Son avis de décès nous apprend :

«Originaire de Beauce où il a grandi avant de vivre à Montréal dans les années 1950, Guy Loubier s’était établi en Outaouais au début des années 1960 pour faire carrière comme traducteur au Conseil économique du Canada. Lecteur avide et philatéliste averti, il a tenu une chronique de philatélie dans Le Droit pendant douze ans, et au cours des dernières années, il signait des chroniques en ligne dans le site Planète Québec tout en prenant part à des groupes comme le Réseau d’information des aînés du Québec (RIAQ). Il a aussi cheminé avec son épouse au sein du néo-catéchuménat durant les années 1990. Homme sensible et généreux, animé par des valeurs de justice sociale et de partage, soucieux de venir en aide à son prochain, Guy Loubier fut un citoyen engagé, contribuant à de nombreuses causes et œuvrant comme bénévole au sein de plusieurs organismes, dont certains qu’il a cofondés, tel Animation 55 +. La famille invite parents et amis à lui offrir leurs condoléances le dimanche 28 juillet 2013 de midi à 14h, au salon de la Coopérative funéraire de l’Outaouais située au 95 boulevard Cité-des-Jeunes à Gatineau (secteur Hull). » http://www.cfo.coop/avis-deces/defunt.php?id=31785&s=init

Il était une fois des bohémiens (Guy Loubier)

«Un jour d’été, peu avant la Guerre, une charrette tirée par un cheval poussif, montait péniblement la côte ardue menant à l’Hôpital de Beauceville. Y prenait place une ribambelle d’enfants, aux visages have et dénués d’expression. Un patriarche à longue barbe blanche faisait claquer son fouet, mais le vieux cheval n’en avait cure. C’était paraît-il des bohémiens. D’où venaient-ils? Personne n’en savait rien. Pourtant, ils suscitaient de la méfiance et même une certaine frayeur. Certains se signaient à leur passage.

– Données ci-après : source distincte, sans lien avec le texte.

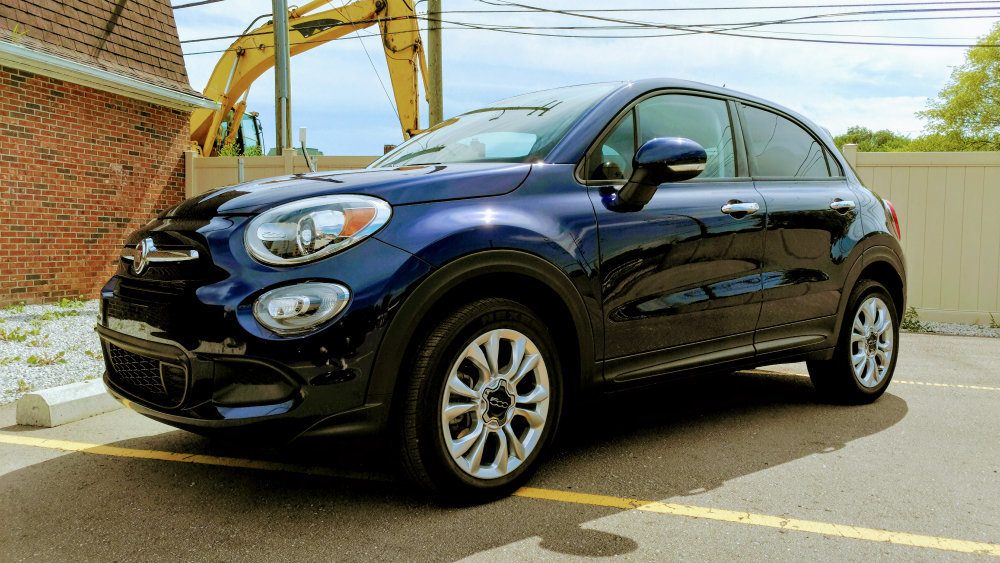2016 Fiat 500X - Mothers Polish Review.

Ce n’est que depuis 1971 que le nom ROM est reconnu comme le nom légitime de ce peuple, qui, par ailleurs, s’applique à plusieurs ethnies. Ces nomades ont été connus à diverses époques et dans divers pays sous les vocables de romanichel, bohémien, gypsy gitan et tzigane. Même si beaucoup d’entre eux sont analphabètes, ils sont assez nombreux dans certains pays à parler plusieurs langues, notamment le romani, l’albanais, le serbo-croate et le turc.

Toutefois, il est très difficile de chiffrer leur population totale, du fait que lorsqu’ils sont pleinement intégrés dans un pays, ils cessent d’être ROMS et sont ainsi comptabilisés dans les données officielles. C’est pourquoi l’on estime que leur population totale peut varier entre 6 et 13 millions. On en trouve dans les pays suivants : France, Italie, Espagne, Turquie, de même qu’en Bulgarie, Tchécoslovaquie, Roumanie et Hongrie. Ils sont généralement orthodoxes, catholiques et musulmans. La plupart des historiens qui ont étudié ces ethnies, sont d’avis qu’ils sont originaires de l’Inde, et qu’ils auraient ensuite essaimé en Iran, en Turquie, et au Moyen-Âge dans les pays d’Europe. La littérature les évoque sous les traits d’Esméralda dans Notre-Dame de Paris de Victor Hugo, et de Carmen de Prosper Mérimée, devenu un célèbre opéra. L’Espagne leur devrait également le flamenco. D’aucuns les disent descendants de Caïn, alors que pour d’autres, leur ancêtre serait Cham, fils de Noé.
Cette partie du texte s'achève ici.